Write the procedure (decode bits huffman-tree). This procedure takes two arguments: bits is a list of 0's and 1's, and huffman-tree is a huffman tree. The procedure should return the list of symbols encoded by bits using the huffman tree. You need not do any error checking. You may assume the following code is defined already:

;; representing huffman trees

(define (make-leaf symbol weight)
  (list 'leaf symbol weight))

(define (leaf? object)
  (eq? (car object) 'leaf))

(define (symbol-leaf x) (cadr x))

(define (weight-leaf x) (caddr x))

(define (make-code-tree left right)
  (list left
        right
        (append (symbols left) (symbols right))
        (+ (weight left) (weight right))))
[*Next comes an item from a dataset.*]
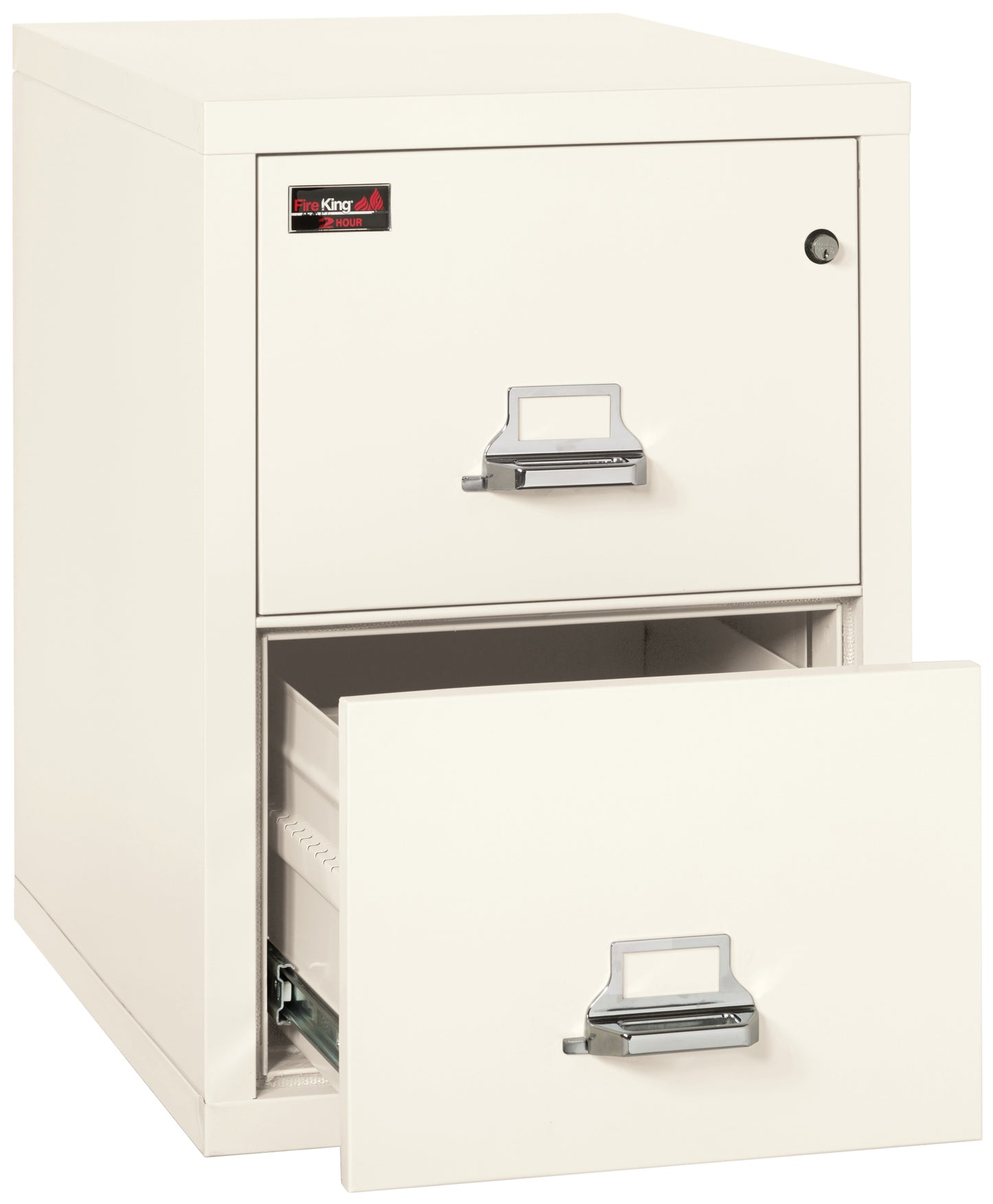 FireKing 2 Hour Fire Resistant File Cabinet - 2 Drawer Letter 31" Depth - Ivory White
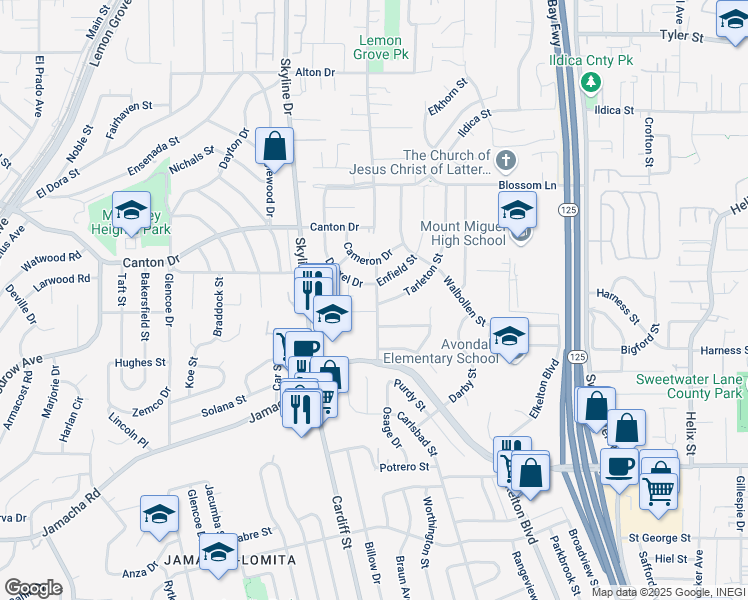 map of restaurants, bars, coffee shops, grocery stores, and more near 1514 Tarleton Street in Spring Valley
(define (left-branch tree) (car tree))

(define (right-branch tree) (cadr tree))

(define (symbols tree)
  (if (leaf? tree)
      (list (symbol-leaf tree))
      (caddr tree)))

(define (weight tree)
  (if (leaf? tree)
      (weight-leaf tree)
      (cadddr tree)))

Problem 6. (5 points)

In Problem 5, let

t be the number of nodes in huffman-tree,
d be the depth of huffman-tree, and
n be the length of the list bits.

In terms of the variables above, how long (in terms of theta notation) does it take your procedure (decode bits huffman-tree) to run?

Problem 7. (10 points)

In software-testing applications, it is useful to be able to count the number of times a given procedure is called during the course of a computation. Write a procedure make-monitored that takes as input a procedure f of one input. The result returned by make-monitored is a procedure of one argument, say mf, that keeps track of the number of times it has been called by maintaining an internal counter. If the input to mf is the special symbol how-many-calls?, then mf returns the value of the counter. If the input is the special symbol reset-count, then mf resets the counter to zero. For any other input, mf returns the result of calling f on that input and increments the counter. For example:

 
 
: (define s (make-monitored sqrt))

: (s 100)
10

: (s 'how-many-calls?)
1

Problem 8. (10 points)

Define a procedure mul-streams, analagous to the add-streams procedure we saw in class, which takes two streams as arguments and returns the stream consisting of the element-wise product of its two input streams.
Complete the following definition of the stream whose nth element (n = 0, 1, 2, ...) is n factorial: : (define factorials (s-cons 1 (mul-streams )))

Problem 9. (10 points)

Consider the following code:


: (define y 5)

: (define (foo x)
    (set! x 3)
    x)

: (foo y)
3

: y
5

Notice that the value of y is unchanged. In some cases, it is desirable for the value of y (or whatever variable is passed in a call to "foo") to be altered by "foo". In this case, the argument to "foo" is called a variable parameter You are to write a data structure that will implement this:

Define a constructor (make-vp x) ("vp" stands for variable-parameter, "x" is a number), a selector (value vp), and a mutator (set-vp! vp y) (this sets "vp" to "y") to implement variable parameters. For example, your data structure would allow the following interaction:

: (define y (make-vp 5))

: (value y)
5

: (define (foo vp)
    (set-vp! vp 3)
    (value vp))

: (foo y)
3
: (value y)
3

Problem 10. (10 points)

Write a procedure (cycle? x) that detects if there is any cycle whatsoever in list structure x. The cycle may involve taking CARs, CDRs, or any combination of them.